Because it’s May 4th, aka Star Wars Day in some sectors of the galaxy (because “May the 4th be with you,” you see), Star Wars memes and references are all over the internet today. And so are a series of AI images that depict Harry Potter characters as Star Wars characters, with Jedi and Sith interpretations of Harry Potter and Voldemort, a Wookiee/Hagrid mashup, Severus Snape as a pointy-eared alien, and more. These images, cropping up on Twitter and TikTok, often aren’t properly credited, which is a shame both for the sake of the creators and because knowing where they’re from is an invitation into a huge gallery of fandom mashups. At the same time, these images really show off the limitations around AI tools, and their tendency to repeat certain patterns.
These images are from Freelancer.com’s Harry Potter Reimagined competition, a worldwide contest that specifically asked entrants to use AI tools to generate images of Harry Potter characters in alternate settings. The Star Wars mashup images were submitted by Abderrahmane B., an Algerian artist and graphic designer who earned runner-up status in the contest. The winner, Bangladesh designer and web developer Rabbi Ali, put Harry Potter characters in The Walking Dead, imagining them as victims of a zombie apocalypse. (Or in Voldemort’s case, as a zombie.)
In a press release announcing the winners, Freelancer.com communications manager Marko Zitko said the contest was meant to push the site’s freelancers-for-hire into experimenting with new AI art generation tools. “Our latest Fast 50 data shows there’s a growing demand for generative AI skills,” he said, “so we wanted to create a contest that will let our freelancers experiment with powerful AI tools and see how they can use them to generate things we’ve never seen or thought about before. In this case, we thought: what if Harry Potter was filmed as a completely different genre.”

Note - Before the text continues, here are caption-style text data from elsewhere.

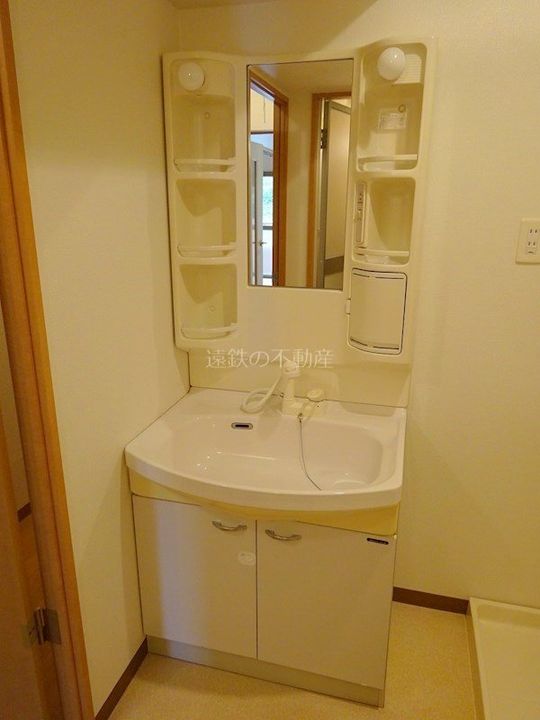 グロワールの内装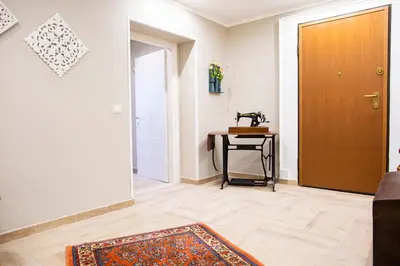 Planimetria di Homeby, Casa Tilia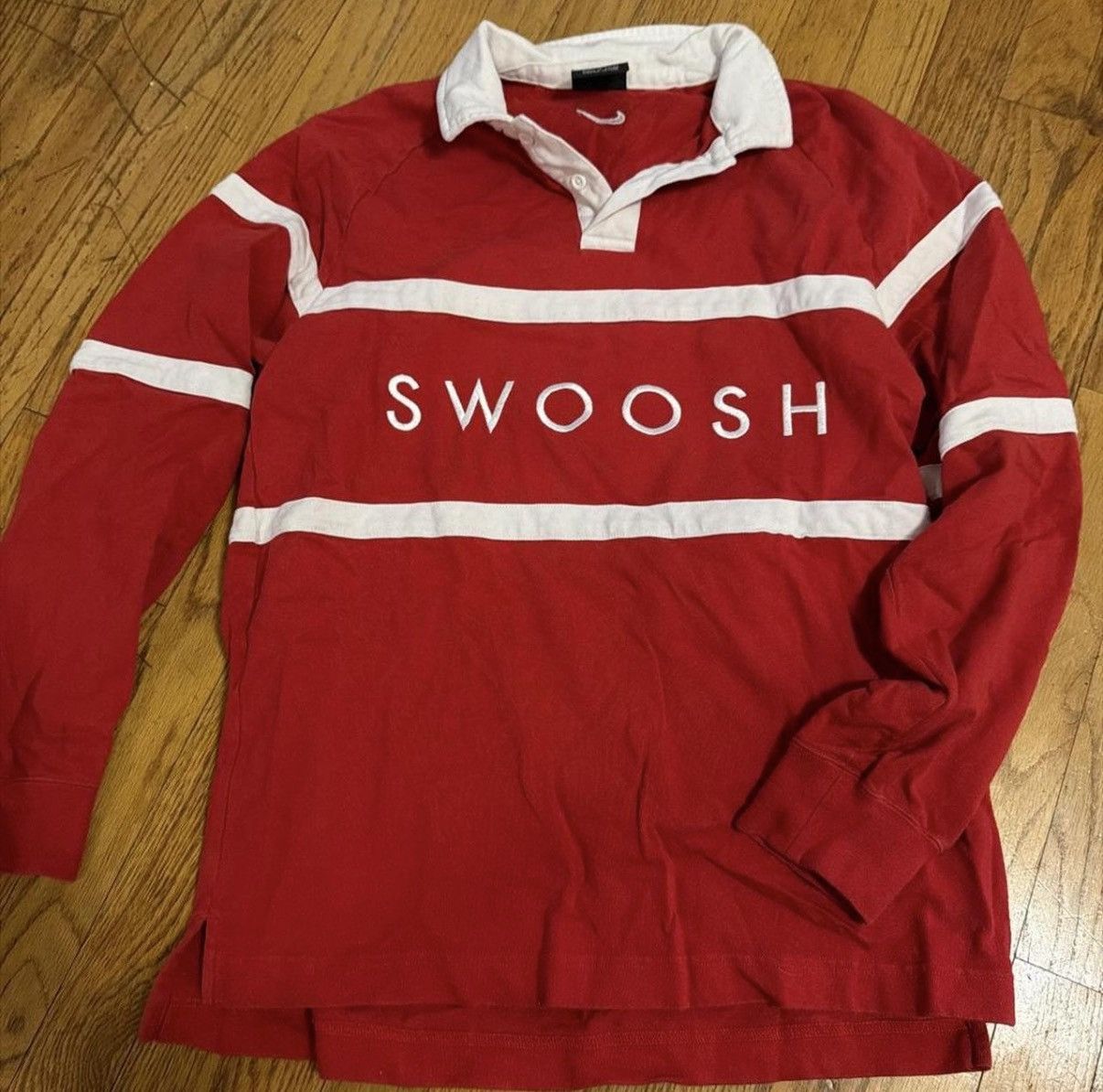 Nike Rugby Polo Sz. M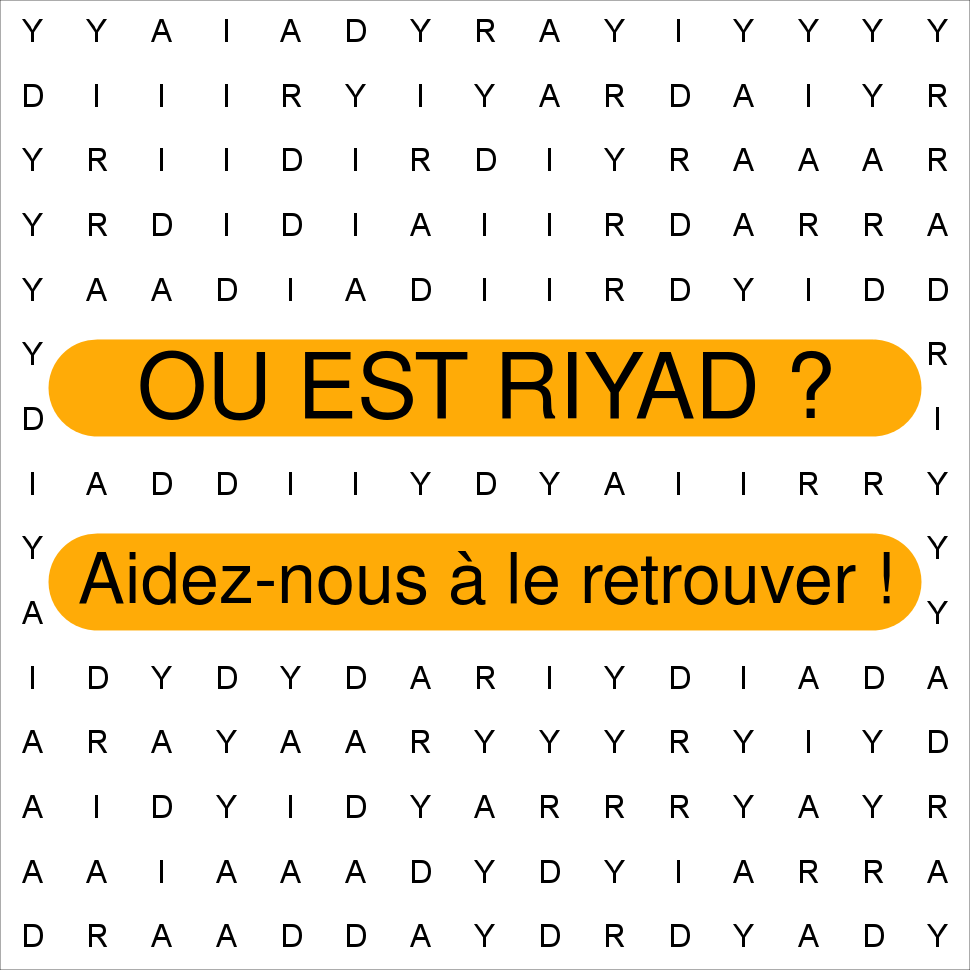 RIYAD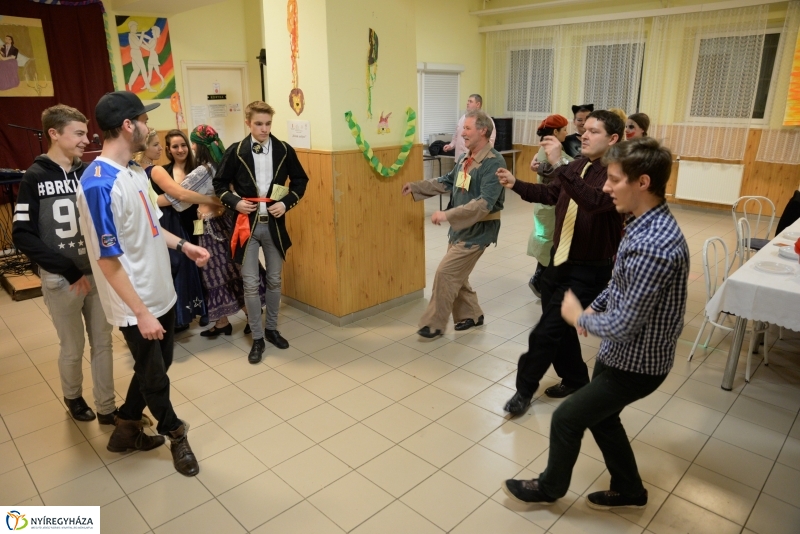 Nyírszőlősi maszkabál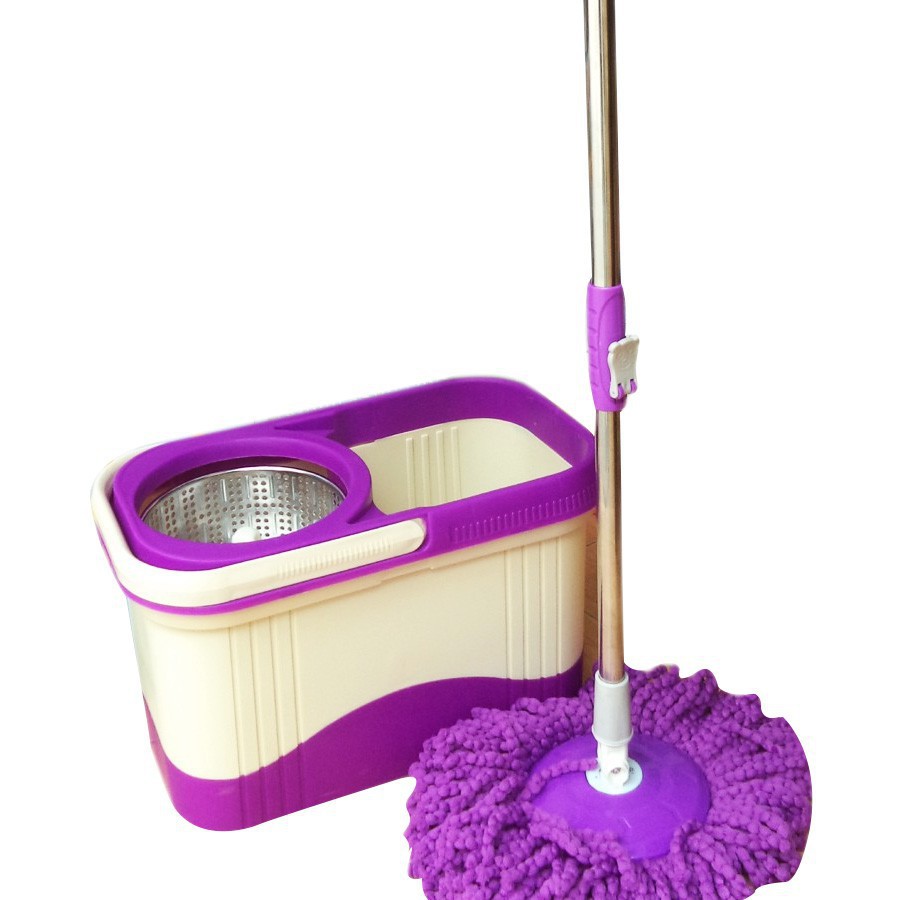 [Bán Chạy] Bộ lau nhà 360 độ RẺ - GHN Giá Rẻ Nhất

A gallery of all the entries is publicly available online, and it makes for some fun — if sometimes repetitive or deeply uncanny — exploration. The contenders came from all over the world, putting Harry Potter characters in Aardman Studios-style claymation, The Matrix, a Clint Eastwood-esque Western, the DC Snyderverse, and even Peaky Blinders. There is also a wide variety of anime-influenced designs, from a more Nadia: The Secret of Blue Water approach to a chibi Dragon Ball Z piece, among many, many, many others. In total, the contest received nearly 650 entries.
The results are worth exploring in part because they use a range of different AI tools, and they clearly show the benefits and limitations of those tools. Many of these images have visual limitations and errors, especially when it comes to rendering mouths and hands. Others, in the signature Midjourney photorealistic style, are such literal, exact renderings of Warner Bros.’ existing movie versions of these characters that they barely feel like artistic choices were being made. And a great many of the images, coming from the same AI engines, don’t look distinctive or specific, and tend to blur together.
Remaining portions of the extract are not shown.